Search
Close this search box.

Carol Burnett v. Family Guy

This is a pretty funny lawsuit. Family Guy used Carol Burnett’s likeness (well, a cartoon depiction of her “Charwoman” character) in one of its episodes. The depiction shows Charwoman working as the janitor in an adult bookstore. She is shown mopping the floor next to a bin full of blow-up-dolls. She also apparently freaked out because Joe tells the other guys that when Carol tugged her ear at the end of her show, she was really saying good-night to her mom. Then Quagmire says “I wonder what she tugged to say good night to her dad! Oh! Giggity Giggitty!”

The suit seeks $6 million in damages for misappropriation of her name and likeness and violating her publicity rights.

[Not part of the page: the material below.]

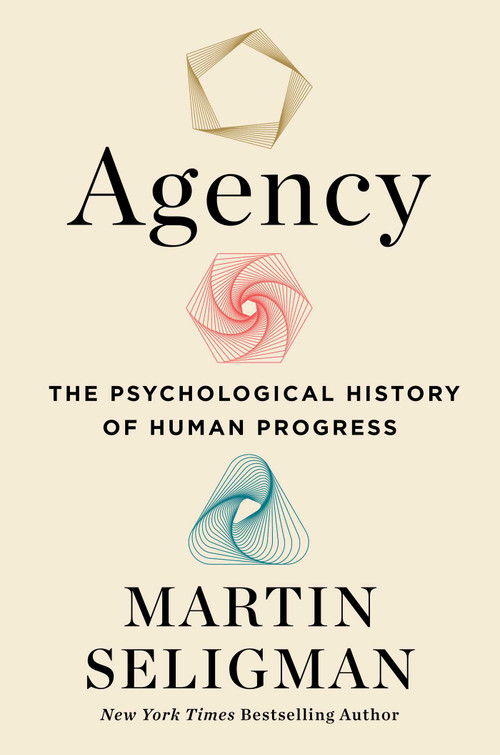 Agency (The Psychological History of Human Progress) by Martin E. P. Seligman, 9781982190644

The Smoking Gun has a longer article and the complaint. The video is posted there too, so at least go watch the video. Here is another article on it from E online.

This is not only interesting, but will give you a good preview of some of the right of publicity issues we will be covering later in the course.

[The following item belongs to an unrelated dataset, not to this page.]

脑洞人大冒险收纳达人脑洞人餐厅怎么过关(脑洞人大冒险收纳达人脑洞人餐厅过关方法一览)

What do you think? Should we send Carol Burnett’s lawyers your class notes from when we discussed Campbell v. Acuff Rose?

My opinion: Ms. Burnett’s lawsuit is doomed and it should be.

Why it is doomed:

Family Guy’s portrayal is protected by the doctrine of Fair Use. In the copyright context, this is well established by Campbell v. Acuff Rose. In the trademark context, it is somewhat less developed, but the principles are the same.

Why it should be:

This is a cornerstone of free expression. Whether you like Family Guy or not, the First Amendment protects your right to criticize, parody, and ridicule. Yes, even if the subject of that parody or ridicule does not particularly care for the result. Hustler Magazine v. Falwell, while not a copyright case, illustrates the principles at play. In that case, Jerry Falwell (a minister no less) was portrayed in a fake Campari ad as having had sex with his mother in an outhouse. Not surprisingly, this offended him. He sued for libel and intentional infliction of emotional distress. The Supreme Court held that the First Amendment protected this parody.

In the Burnett v. Family Guy case, Burnett is attempting to make an end run around the First Amendment values that Hustler v. Falwell protects.

Therefore, not only will her suit fail, but no matter how much you like Carol Burnett or hate Family Guy, that failure should be embraced as a victory for all of us, because a contrary result would be a terrible dimunition of all of our Constitutional rights.

I don’t just think that Family Guy wins. If I represented Family Guy, I’d have already sent a Rule 11 letter and a Rule 68 offer for a few pennies of nuisance money. I’m disgusted with any attorney who would sign this piece of trash litigation.

Oh, and for the record, I love Family Guy. I was ambivalent about Carol Burnett, but now I call her a no-class hack.